Manifesto contra o textão
Quero deixar claro o meu repúdio ao textão. Primeiro, porque você provavelmente está lendo isso num celular. Talvez enquanto dirige um carro. E não dá para dirigir dando os scrolls cuidadosos que um textão demanda. Na primeira distração, tipo um caminhão freando na sua frente porque o farol teimou em ficar vermelho enquanto você lia, […]
Quero deixar claro o meu repúdio ao textão. Primeiro, porque você provavelmente está lendo isso num celular. Talvez enquanto dirige um carro. E não dá para dirigir dando os scrolls cuidadosos que um textão demanda. Na primeira distração, tipo um caminhão freando na sua frente porque o farol teimou em ficar vermelho enquanto você lia, você vai perder o fio da meada. Ou a vida. E eu acabo com um leitor a menos. Mau negócio pra nós dois.
O problema do textão nem é de hoje. Começou na Mesopotâmia. Os sumérios, que moravam por lá há 5 mil anos, inventaram a escrita. Mas não inventaram o textão. Eles só escreviam registros sucintos, direto ao ponto, tipo “Gilgamés roubou um bode de Enli. Decepamos a mão de Gilgamés”. Informação, sem embromação.
Mas eis que, lá por 2300 a.C. aparece uma moça: Enheduanna, filha de Sargon, o homem que mandava na Mesopotâmia. Além de princesa, Enheduanna era a sumo-sacerdotisa do Templo de Inanna – a deusa do amor daquelas bandas. A jovem sentou um dia e escreveu 153 linhas numa tábua de argila. Essa gravação sobreviveu por quatro mil anos e continua entre nós. É o trabalho autoral mais antigo que se tem notícia. Se não foi o primeiro da história da humanidade, certamente é um dos.
E dizia: “Acimbabbar virou o templo de ponta cabeça! Destruiu tudo. Eu mesma achava que ele fosse companheiro, e ele parecia mesmo ser. Mas percebi que Acimbabbar só se aproximou de mim por inveja. Inanna, vamos tirar esse homem do nosso caminho. Vamos acabar com ele. porque, realmente (…)”. E tome mais bronca contra o sujeito, com a princesa usando a deusa como amiga imaginária. Ou seja: o primeiro texto autoral da história é basicamente um textão. Um textão feminazi.
Depois piorou. Na Grécia de 700 e poucos a.C., os textões de cento e tantas linhas viraram trambolhos de milhares. Intermináveis. A primeira coisa que fizeram nessa linha, aliás, foi colocar no papiro todas as poesias e causos que os contadores de história recitavam em volta das fogueiras. Juntaram tudo e colocaram na forma de dois textões, que hoje conhecemos como “Ilíada” e “Odisseia”. De quebra, ainda colocaram uma assinatura falsa: “Homero”. Pois é: assinatura falsa sempre ajudou a dar credibilidade pra textão.

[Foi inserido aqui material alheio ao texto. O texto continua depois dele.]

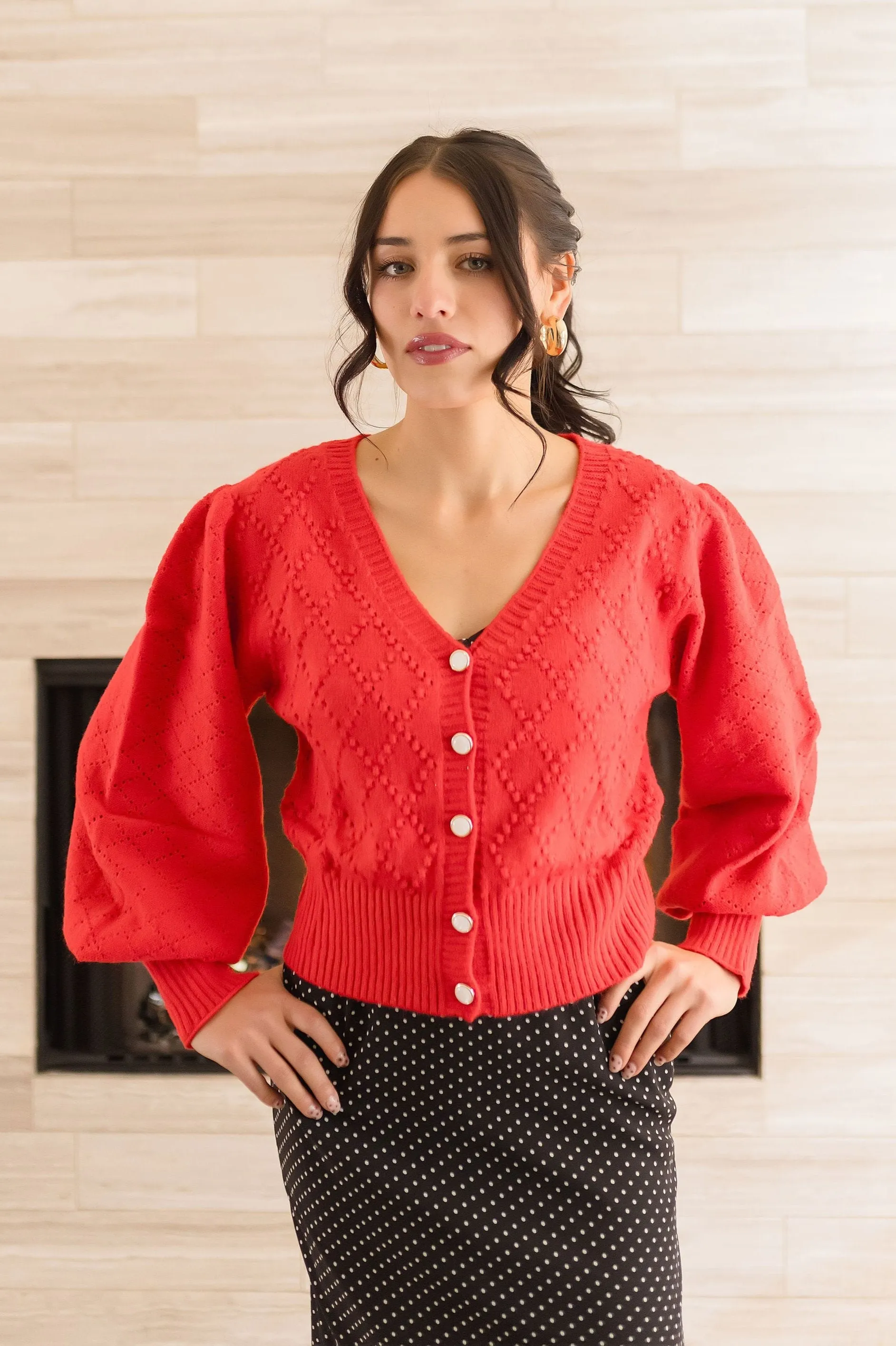 Cassidy Long Balloon Sleeve Textured Cropped Cardigan Red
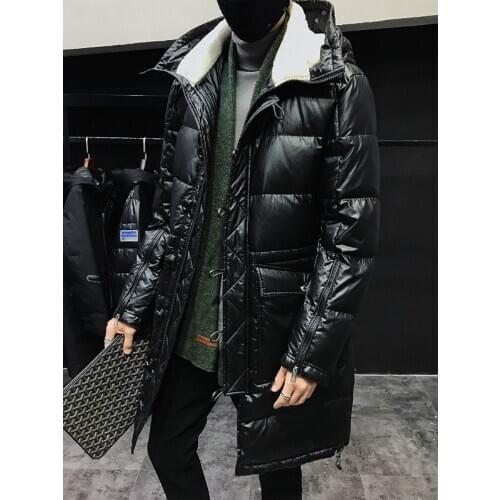 Winter New Mens Fashionable Casual Glossy Hooded Down Jacket Long Male White Duck Down Coat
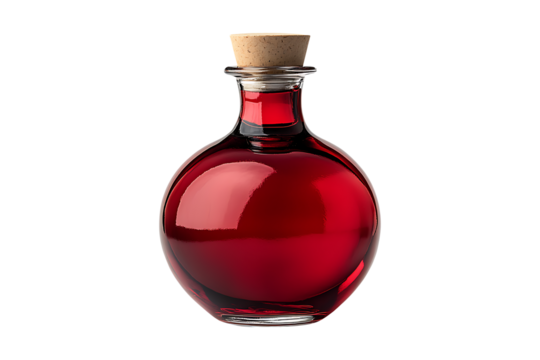 red potion bottle isolated on a transparent background.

Tanto ajudou que, na mesma época dos textões homéricos, outro pessoal começou a produzir seus próprios textões com assinaturas fake. Eram os hebreus, o povo de Israel. Com o intuito de ganhar mais likes, vários autores israelitas assinavam seus textos com os nomes de heróis do seu folclore.
A série de cinco textões sobre a origem do mundo e o início da saga daquele povo, conhecido hoje como “Pentateuco”, ganhou a assinatura de um Moisés, um herói mitológico, como o Aquiles, da “Ilíada”. Em outro textão, os “Salmos”, puseram a assinatura de Davi, um líder militar que tinha vivido séculos antes da composição dos Salmos, e que já possuía aura de legendário. Esses dois textões, com outros 25, formariam mais tarde a Bíblia, o textão dos textões.
Moisés, Josué, Davi, Isaías e cia foram os Veríssimos e as Clarices Lispectors dos autores reais da Bíblia: emprestaram involuntariamente suas credibilidades para textões escritos por outras pessoas.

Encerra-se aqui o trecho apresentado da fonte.